We are confronted, therefore, with the question as to whether the testimony of the two witnesses to the effect that they did not observe any decrease in the momentum of the train while it was on the trestle or during that time hear any of the noises which usually accompany the application of brakes to a moving train, with which noises they were shown to be familiar, is sufficient to make a question for jury decision on the claimed negligence of the engineer after discovery of peril.
A decision on that point is not free from difficulty, but we are of the opinion that under the scintilla rule the trial court did not err in permitting the case to go to the jury on that issue, in view of the testimony of plaintiff's witnesses alluded to above.
The fact is that deceased lacked only four feet of reaching safety. He had run approximately 156 feet from the time he was first seen by the engineer before he was hit, according to defendant's answers to the interrogatories. But the jury might have found him to have been somewhat closer to the northern end of the trestle when discovered by the engineer, for according to the witness Cliett, if we understand his testimony correctly, the deceased was nearer the northern end than that distance when the train entered the southern end of the trestle. The jury might also have found that deceased did not stumble and fall as testified by Cliett. Defendant's answers to interrogatories are not to that effect.
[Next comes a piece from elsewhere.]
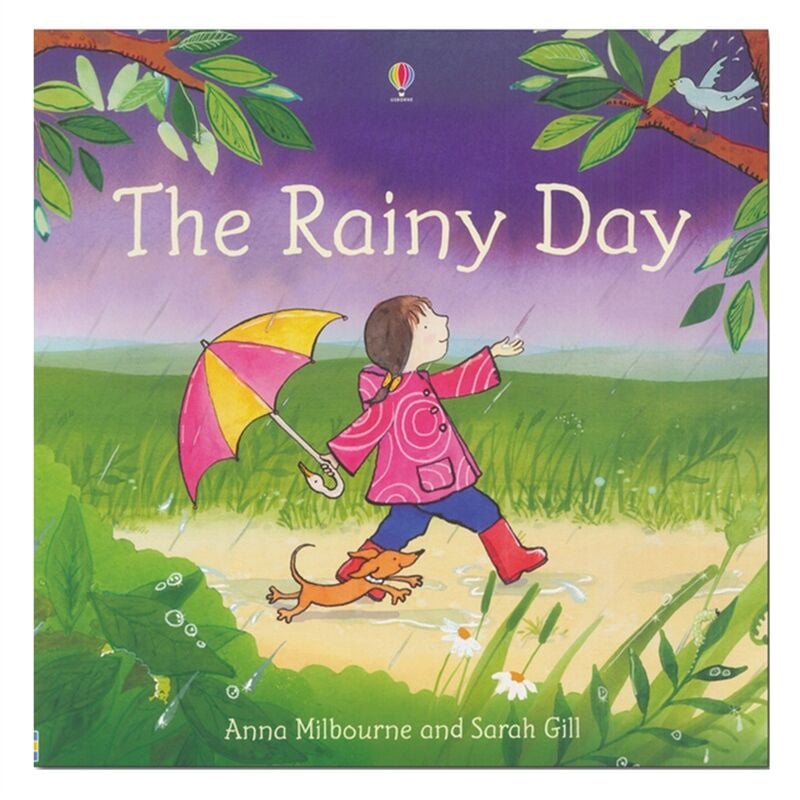The Rainy Day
The testimony of the witnesses to the effect that the engineer did not check the speed of the train while on the trestle was competent. Pollard v. Nicholls, 5 Cir., 99 F.2d 955.
*272 It is a matter almost of common knowledge that when brakes are applied to a moving train there is an escaping of air and other noises. In any event, these witnesses testified that such had been their observation and that they heard no such noises and they observed no decrease in the speed of the train. They were in positions to have heard and seen. Their credibility, of course, was for the jury.
We are of the opinion that the evidence to the effect that the forward movement of the train was not retarded at all after the discovery by the engineer of deceased's peril, when taken into consideration with the distance the train ran after hitting deceased, was sufficient to warrant the inference by a fair jury that the engineer did not use reasonable care to avoid the injury after discovering the peril. Louisville & N. R. Co. v. Loyd, 186 Ala. 119, 65 So. 153; Pollard v. Nicholls, 5 Cir., 99 F.2d 955. The deceased was only a few feet from safety when he was hit. The difference of a few seconds might well have been the difference between life and death.
We hold, therefore, that the trial court did not err in refusing the general affirmative charge requested by the defendant.
Reversible error is not made to appear in connection with the trial court's refusal to give defendant's requested written charges 8, 9 and 10. The principle of law stated in those charges was fairly and substantially covered by the court's general charge and by written charge A given at the request of the defendant. § 273, Title 7, Code 1940; Mobile City Lines v. Alexander, 249 Ala. 107, 30 So. 2d 4.
The general statement in the court's oral charge to the jury that "on the other hand, if she should prove to your reasonable satisfaction every material statement in Count A, then she would be entitled to recover damages in this case," is not unsound. Sovereign Camp, W.O.W., v. Gunn, 229 Ala. 508, 158 So. 192.
The two remaining assignments of error which are argued in brief also relate to exceptions taken to the court's oral charge. In each of them the defendant complains of statements made by the trial court which, when considered in connection with the remainder of the charge, do not in our opinion show reversible error.
The judgment appealed from is affirmed.
LIVINGSTON, C. J., and STAKELY and MERRILL, JJ., concur.